What is the first word that comes to mind when I say “International Institute of Buffalo”?

[GK]: Diversity.  I researched the Institute right before I left Turkey to come to Buffalo and I knew right away that I wanted to work here.

What languages do you speak?

[GK]: Turkish and English.  I started learning English when I was in middle school, but it was very basic.  It wasn’t really until high school that I developed a strong handle on the English language.  Also, my college courses were all taught in English, so that helped me achieve proficiency. 

What is one accomplishment that you are most proud of? Why?

[GK]: Something that my father still talks about, actually.  I grew up in a small city in Turkey, so it was big news when I got into the school of my dreams.  It is the leading school in Turkey and it took a lot of hard work—in my program, 60,000 people take a test for admissions and I placed 53rd among all the people that took that test.

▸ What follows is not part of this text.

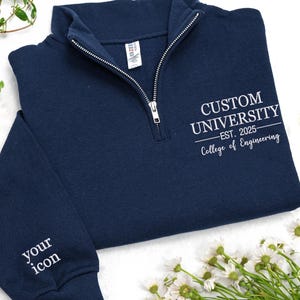 Peut inclure: Sweat-shirt bleu marine à fermeture éclair quart de zip avec texte brodé blanc. Le texte sur le devant indique "CUSTOM UNIVERSITY - EST. 2025 - College of Engineering." La manche porte le texte "your icon." La fermeture éclair est argentée.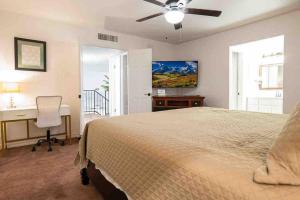 una camera con letto, scrivania e ventilatore a soffitto di Ranch Glam Townhome with Indoor Fireplace a El Paso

Since the Institute works with diverse people from all the world, can you share with us your own heritage?

[GK]: I don’t know too much about my heritage.  Anatolia, as you may know, was home to many civilizations throughout history.  My father’s side is Turkish, but my grandmother on my mother’s side is Kurdish.  I guess you could consider me a first-generation foreign-born here in the U.S.

Given the international nature of the Institute, have you traveled abroad? Any place on your bucket list?

[GK]: I recently went to Dublin in June (2017).  But I have been to the Caribbean, Canada, England, and France as well.  I would really love to visit Mexico and some countries in South America—namely Costa Rica and Argentina.

If you could sit down with any historical figure, who would you choose? What is one question you would ask them?

[GK]: Mustafa Kemal Atatürk, 1881-1938, the founder the Republic of Turkey.  All of the good things that we have in Turkey, we owe to him.  There would be so much to talk about, and it would be hard to choose one question.  I guess I would definitely ask him how he did it all and what he relied on during the darkest times. 

Favorite ethnic food?

[GK]: It is hard to choose between Indian and Italian food.

Favorite book?

[GK]: Dostoyevsky’s Crime and Punishment.  I remember reading it in high school in the midst of all my exams and not being able to put it down.  And I am a nerd, nothing stops me from doing my homework [laughs].

What can you tell me about your life away from the Institute?

[GK]: I have a fairly simple life with my husband, a PhD candidate in Computer Science, here in Buffalo.  I recently finished my Master’s degree in Teaching English as a Second Language (TESOL), which is something that I have always wanted to pursue.  Outside of work, I do love cooking and experimenting with different recipes. 

What traits would you say define you?

[GK]: I think other people would describe me as a very determined and friendly person.